Os Ashaninka tornam pública sua posição quanto à prospecção


Aldeia Apiwtxa, Terra Indígena Kampa do Rio Amônia, 12 de agosto de 2008



Ao Sr. Edison Panayfo
Presidente
Unión de Comunidades Indígenas Fronterizas del Peru – UCIFP

Em referência ao Convite a Associação Ashaninka do Rio Amônia (APIWTXA) para participar no “I Taller de Capacitación y Fortalecimiento en actividades de Hidrocarburos para Líderes Indígenas”, na Comunidad Nativa Nueva Shauaya, nos dias 13 a 15 de agosto de 2008, para discutir temas relacionados a prospecção e exploração de petróleo e gás, preparar as comunidades indígenas para os “os novos desafios do desenvolvimento sustentável” e “lograr relações harmoniosas entre o Estado, as empresas petrolíferas e as comunidades”.

Nos últimos 15 anos, nós Ashaninka que vivemos na Terra Indígena Kampa do Rio Amônia, por meio da Associação Ashaninka do Rio Amônia (APIWTXA), da Cooperativa Ayonpare e de nossa organização comunitária, temos planejado e posto em prática um amplo conjunto de ações voltado ao aproveitamento sustentado dos recursos naturais de nosso território e a melhoria da vida de nossas famílias. Com iniciativas próprias e mobilizando órgãos do Estado brasileiro, temos procurado vigiar e defender os limites de nossa terra indígena e alertar para as graves conseqüências sociais e ambientais da atividade madeireira em territórios indígenas e unidades de conservação em ambos os lados da fronteira Brasil-Peru, especialmente nos altos rios Juruá, Amônia e Tamaya. Nos últimos quatro anos, temos promovido encontros binacionais entre povos indígenas nesta fronteira, buscando fortalecer processos de diálogo e de intercâmbio de experiências e reforçar estratégias para o reconhecimento e a proteção dos territórios indígenas e para a conservação e o uso sustentável da biodiversidade de nossas florestas.
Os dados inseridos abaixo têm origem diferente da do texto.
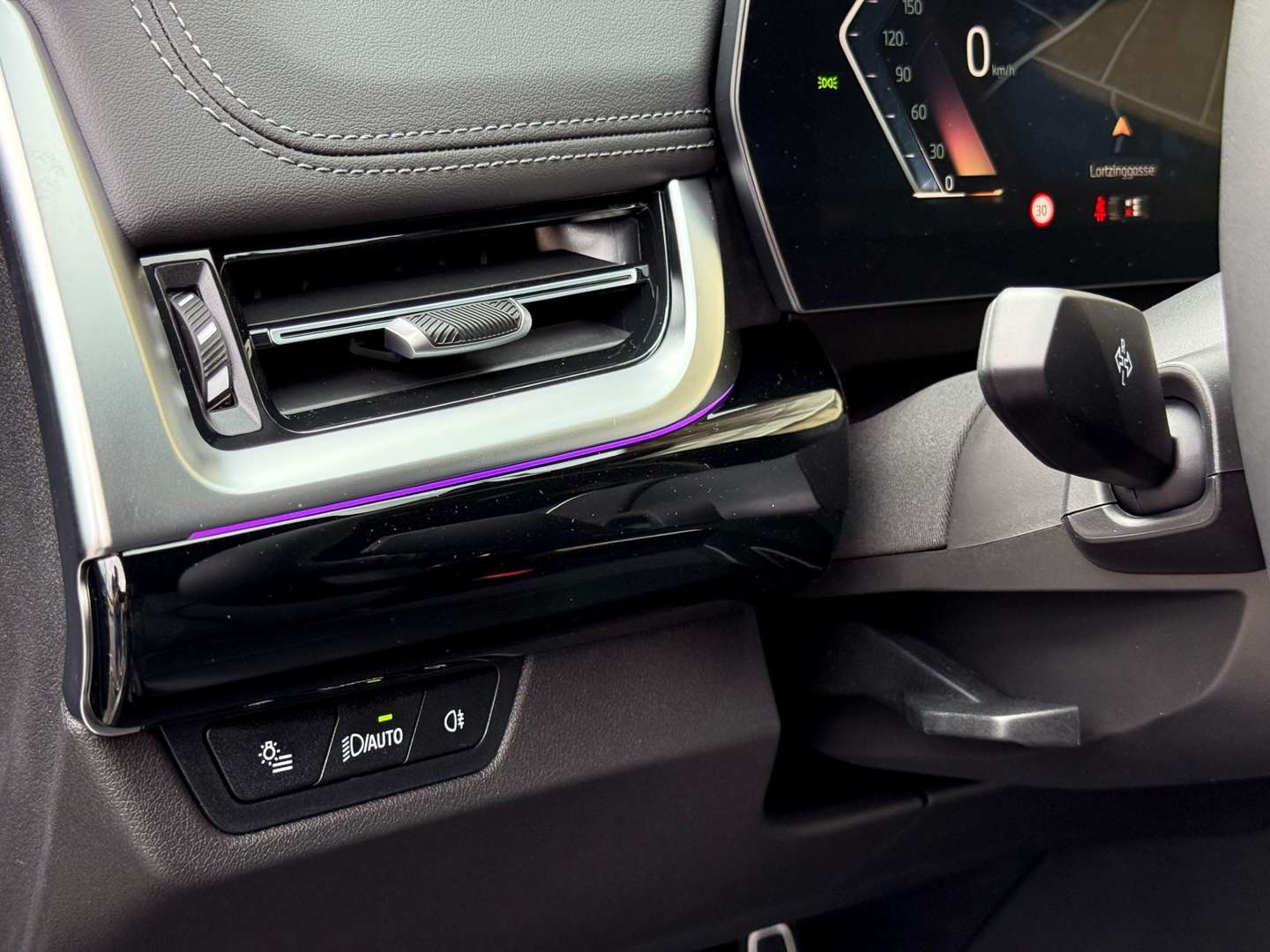 BMW IX1 EDrive20 - 2025 - Joinsteer - #11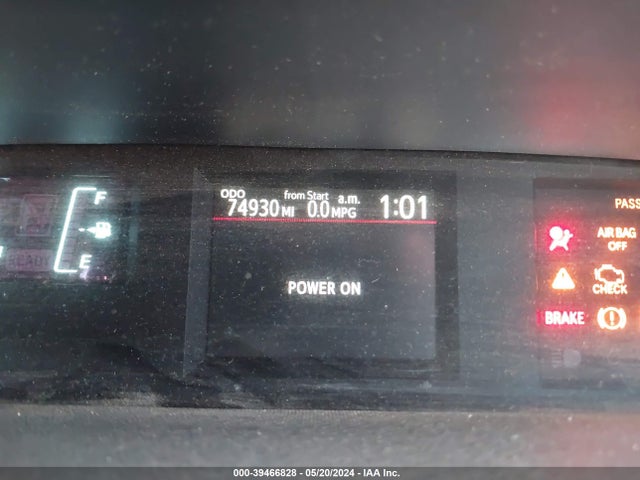 Toyota Prius C Three 2014 JTDKDTB35E1062923 Image 7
Tendo em vista a comunicação recebida da Unión das Comunidades Indígenas Fronterizas del Peru (UCIFP), com data de 28 de julho, convidando a Apiwtxa a participar do “I Taller de Capacitación y Fortalecimiento en actividades de Hidrocarburos para Líderes Indígenas”, a ser realizada na Comunidad Nativa Nueva Shauaya, de 13 a 15 de agosto, onde está prevista a presença de 100 representantes de comunidades e organizações indígenas dos rios Juruá, Breu, Amônia, Huancapishtea, Piquiyacu e Genepanshea, órgãos de governo e da empresa Petrobrás, para discutir temas relacionados a “hidrocarburos”, vimos, por meio da presente, esclarecer, inicialmente, nossas posições mais gerais.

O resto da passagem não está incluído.